### [What is expected]
Exactly reproduce the line containing "this 845×633 image." and all later lines to the end of the entries, leaving the pictures out of your copy.

-- Records shown follows --

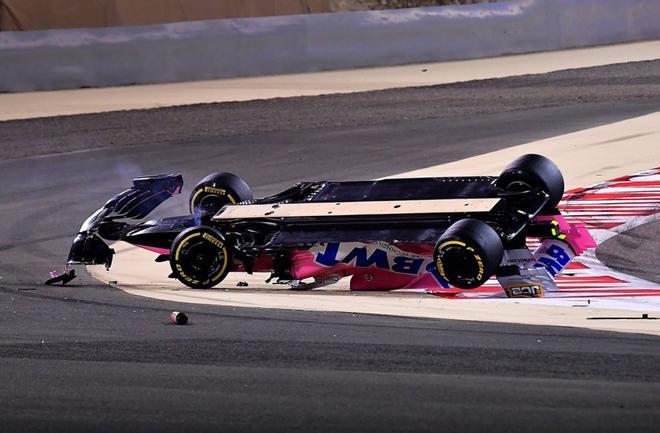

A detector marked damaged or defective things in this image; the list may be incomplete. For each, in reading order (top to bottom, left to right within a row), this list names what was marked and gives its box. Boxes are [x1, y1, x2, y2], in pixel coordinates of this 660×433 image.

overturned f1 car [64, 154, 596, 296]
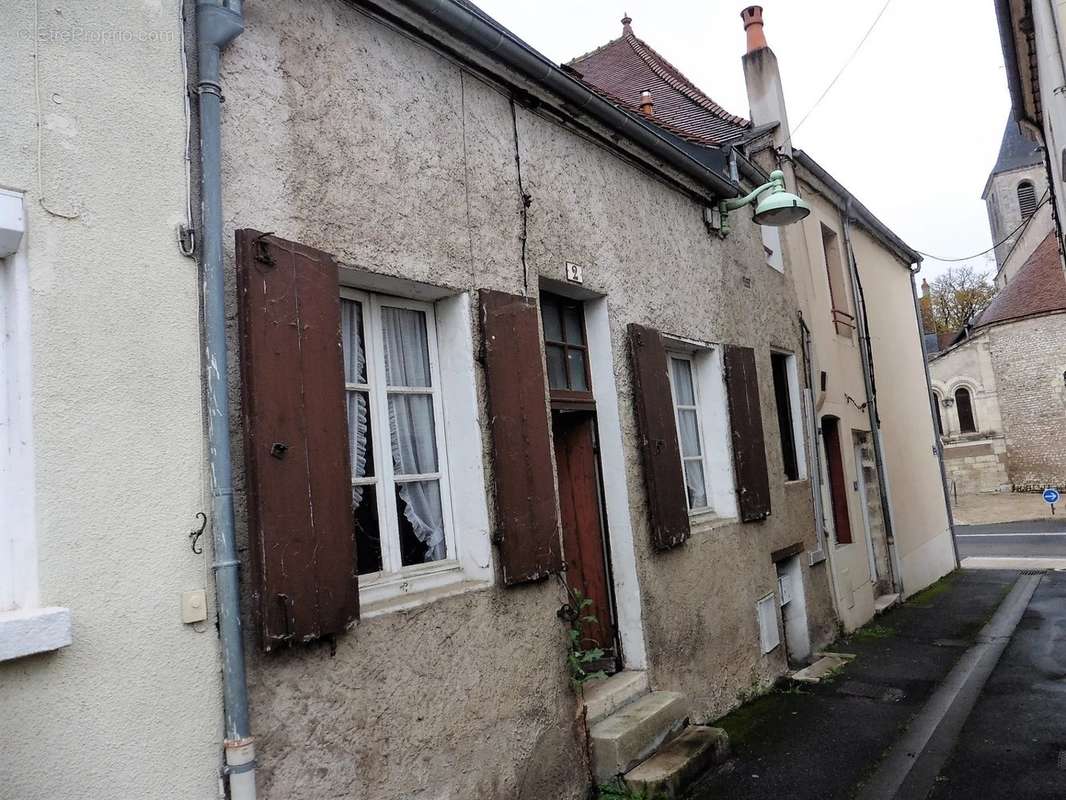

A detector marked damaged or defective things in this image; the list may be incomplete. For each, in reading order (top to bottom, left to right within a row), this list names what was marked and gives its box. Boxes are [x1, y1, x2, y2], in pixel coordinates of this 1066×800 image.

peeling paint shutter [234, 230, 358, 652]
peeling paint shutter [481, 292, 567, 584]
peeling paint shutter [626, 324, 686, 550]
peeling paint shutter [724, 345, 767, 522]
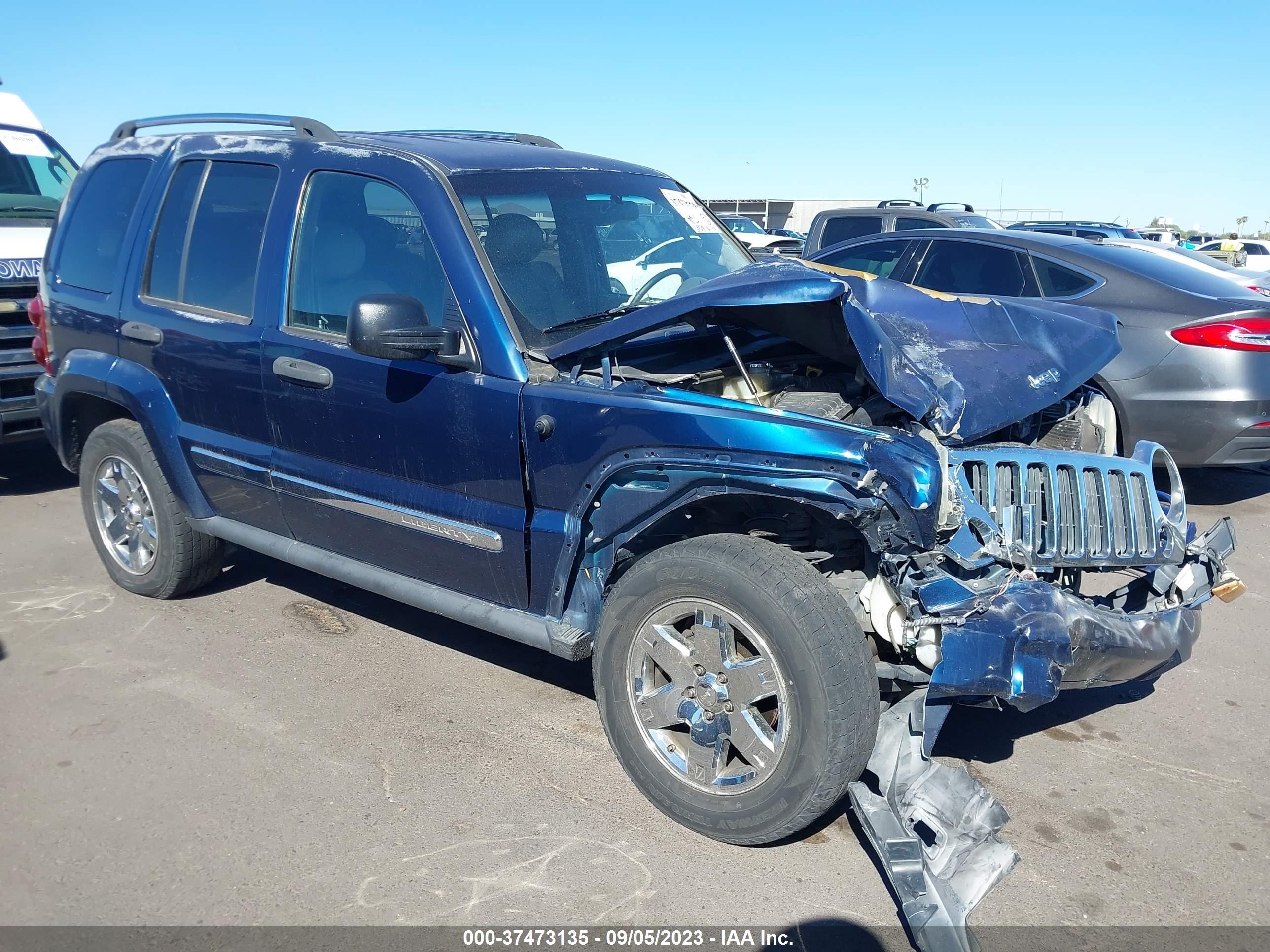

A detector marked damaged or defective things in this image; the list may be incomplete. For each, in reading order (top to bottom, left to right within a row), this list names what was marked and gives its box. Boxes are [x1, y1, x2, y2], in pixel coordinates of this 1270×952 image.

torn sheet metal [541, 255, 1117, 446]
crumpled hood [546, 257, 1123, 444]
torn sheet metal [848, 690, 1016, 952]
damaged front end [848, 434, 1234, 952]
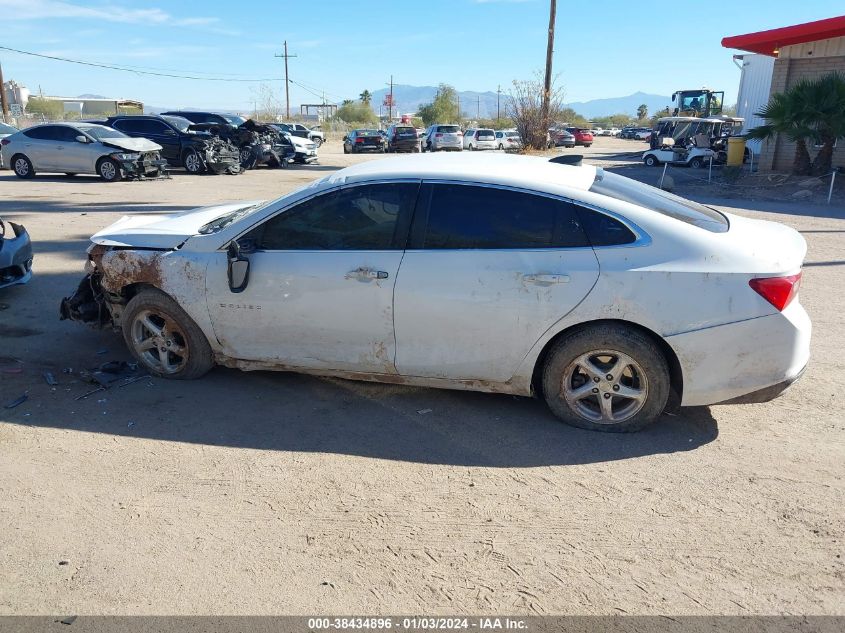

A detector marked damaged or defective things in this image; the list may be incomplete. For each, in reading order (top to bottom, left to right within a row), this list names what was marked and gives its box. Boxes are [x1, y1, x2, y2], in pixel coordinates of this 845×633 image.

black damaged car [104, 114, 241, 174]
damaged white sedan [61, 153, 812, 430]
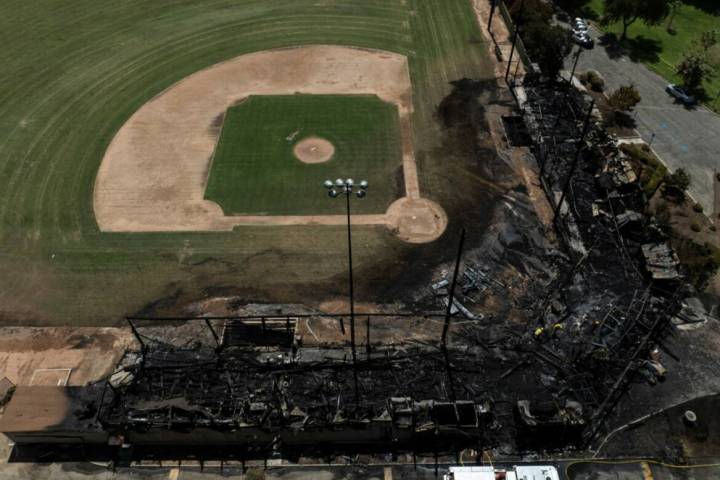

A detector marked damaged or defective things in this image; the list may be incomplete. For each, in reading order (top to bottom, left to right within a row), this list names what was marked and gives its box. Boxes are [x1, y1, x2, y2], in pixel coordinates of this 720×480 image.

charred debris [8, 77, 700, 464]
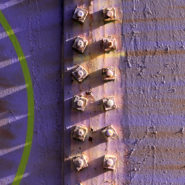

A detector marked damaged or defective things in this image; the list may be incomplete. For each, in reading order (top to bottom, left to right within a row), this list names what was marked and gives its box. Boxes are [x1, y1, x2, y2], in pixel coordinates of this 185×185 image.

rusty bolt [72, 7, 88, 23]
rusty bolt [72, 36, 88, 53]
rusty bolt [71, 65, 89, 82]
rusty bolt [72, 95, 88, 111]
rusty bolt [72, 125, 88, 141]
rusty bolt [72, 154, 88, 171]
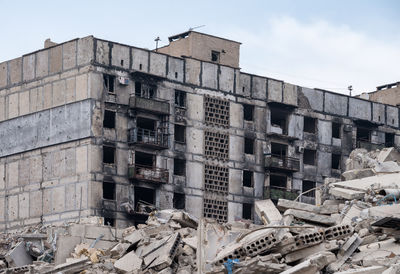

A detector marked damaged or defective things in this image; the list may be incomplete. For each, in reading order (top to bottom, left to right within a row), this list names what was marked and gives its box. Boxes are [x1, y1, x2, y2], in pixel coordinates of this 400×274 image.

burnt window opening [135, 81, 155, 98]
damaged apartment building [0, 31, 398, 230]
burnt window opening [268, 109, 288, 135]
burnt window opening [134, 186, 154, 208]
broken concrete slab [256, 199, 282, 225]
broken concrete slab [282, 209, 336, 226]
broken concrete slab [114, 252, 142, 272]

-- Records shown concluded --

### [Result]
A detector marked damaged or defective things in this image; the list may be incomplete. For each, in reading order (top to bottom, left to right within a row), this list names what was marked and gives its box. Boxes are [x1, y1, x2, y2], in pixel coordinates of this 845×633 image.

black damaged car [104, 114, 241, 174]
damaged white sedan [61, 153, 812, 430]

A detector marked damaged or defective things in this image; the list may be incomplete. For each, in reading order (top to bottom, left to right within a row), this list names what was marked and gives its box. Boxes are [x1, y1, x2, y2], in pixel coordinates of this 720×480 image.

charred debris [8, 77, 700, 464]

A detector marked damaged or defective things in this image; the list may be incomplete. For each, in reading order (top to bottom, left to right within a row), this list names what was marked and gives its box. Boxes are [x1, y1, x2, y2], in pixel coordinates of this 185×185 image.

rusty bolt [72, 7, 88, 23]
rusty bolt [72, 36, 88, 53]
rusty bolt [71, 65, 89, 82]
rusty bolt [72, 95, 88, 111]
rusty bolt [72, 125, 88, 141]
rusty bolt [72, 154, 88, 171]

A detector marked damaged or defective things in this image; the list may be incomplete. For each, in reading order (top to bottom, left to right within a row), this list names what was marked and gives its box. Boxes are [x1, y1, x2, y2], in pixel coordinates of this 400×274 image.

burnt window opening [135, 81, 155, 98]
damaged apartment building [0, 31, 398, 230]
burnt window opening [268, 109, 288, 135]
burnt window opening [134, 186, 154, 208]
broken concrete slab [256, 199, 282, 225]
broken concrete slab [282, 209, 336, 226]
broken concrete slab [114, 252, 142, 272]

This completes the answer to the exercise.